Donggala,Updatesulawesi – Konflik agraria kembali mencuat di Kecamatan Rio Pakava, Kabupaten Donggala, Sulawesi Tengah. Warga dari lima desa, yakni Polanto Jaya, Minti Makmur, Tinauka, Towiora, dan Rio Mukti, memprotes aktivitas PT Lestari Tani Teladan (LTT) yang diduga mengelola lahan di luar izin Hak Guna Usaha (HGU) serta merambah wilayah eks-transmigrasi.

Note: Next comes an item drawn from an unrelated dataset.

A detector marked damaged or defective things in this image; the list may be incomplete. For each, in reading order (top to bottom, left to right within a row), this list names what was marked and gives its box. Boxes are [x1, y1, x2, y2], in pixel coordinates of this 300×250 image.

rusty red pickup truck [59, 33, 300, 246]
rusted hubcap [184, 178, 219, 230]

Ketua Satgas Penyelesaian Konflik Agraria Sulteng, Eva Bande, menyebut laporan warga telah direspons langsung oleh Gubernur Sulawesi Tengah dengan membentuk Satgas khusus di bawah kendalinya.
Satgas tersebut bertugas menelusuri riwayat penguasaan lahan serta memastikan hak-hak masyarakat tidak diabaikan.
“Perusahaan tidak perlu pakai cara intimidatif, sudah bukan zamannya. Pemerintah juga harus hadir secara hukum dan moral. Pemilik tanah dan air ini adalah rakyat,” tegas Eva, Selasa (19/08/2025).
Eva menambahkan, sesuai Peraturan Menteri Pertanian (Permentan), 20 persen dari konsesi HGU semestinya diberikan kepada masyarakat.
Ia juga meminta anggota Komisi II DPR RI, Drs. H. Longki Djanggola, M.Si, untuk ikut mendorong penyelesaian kasus ini di tingkat pusat.Menanggapi hal tersebut, Longki Djanggola menegaskan komitmennya untuk mengawal penyelesaian konflik hingga tuntas.
Menurutnya, yang paling utama adalah memastikan kepastian hukum serta perlindungan hak masyarakat atas lahan penghidupan mereka.
“Saya minta semua pihak, terutama perusahaan, punya itikad baik menyelesaikan persoalan ini dan mau selalu duduk bersama dengan masyarakat dan pemangku kepentingan lainnya. Persoalan ini harus diselesaikan secara jujur, adil, dan sesuai aturan hukum agar semua pihak mendapat manfaatnya,” ujar Longki di komplek DPR/MPR RI, Senayan, Jakarta Pusat, Rabu (20/08/2025).
Ia menegaskan telah menyampaikan persoalan ini ke Kementerian ATR/BPN dengan penekanan agar hak masyarakat tidak dirugikan.Konflik ini juga memunculkan kembali ingatan pahit masyarakat.
Kepala Desa Minti Makmur, Kasnudin, mengingat kejadian kelam pada 2004, ketika warga, termasuk perempuan dan anak-anak, mengalami kekerasan akibat sengketa lahan.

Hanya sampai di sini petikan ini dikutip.